The "high-level" best practice for doing this is:
- Store user-input the way it was entered into the system
- HTML encode all user-input when it is output on any page
- Use a white-list approach to "de-encode" allowed HTML characters, attributes, attribute values, etc. that you encoded in the previous step
HTML Encoding user-input on output will stop JavaScript from being executed on your site.
The reasons why you want to store user-input "as entered" is because you may in the future decide to output user data in other formats (PDF, email, JavaScript, RSS, etc) that don't have the same rules for encoding. As a result, you should keep data as close to its original form as possible. This will make things easier to deal with later.
For HTML Encoding user-input, you can use System.Web.HttpUtility.HtmlEncode(...)
.
To combine steps 2 & 3, you can use Microsoft's AntiXSS library.

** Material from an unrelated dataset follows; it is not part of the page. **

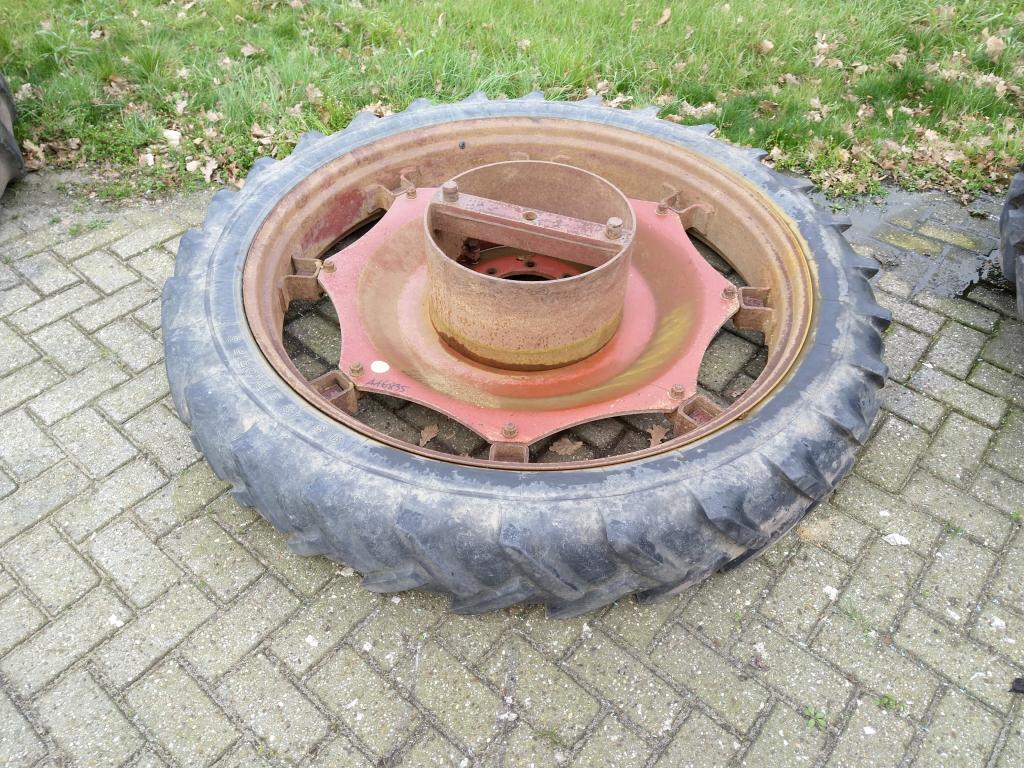 9.5 - 48 Michelin band met velg, Zakelijke goederen, Agrarisch | Onderdelen | Banden, Velgen en Assen, Niet ingevuld, Niet ingevuld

It provides some extra encoding methods that the HttpUtility class doesn't provide to make your job easier. I was unaware until Malcolm pointed out in the comments, that the latest version of this library includes a method called GetSafeHtmlFragment(...)
which will remove all JavaScript manually. This will handle all of the heavy lifting of removing user-entered JavaScript code for you. You will most likely want to use GetSafeHtmlFragment
and not GetSafeHtml
, which is designed to encode entire HTML documents.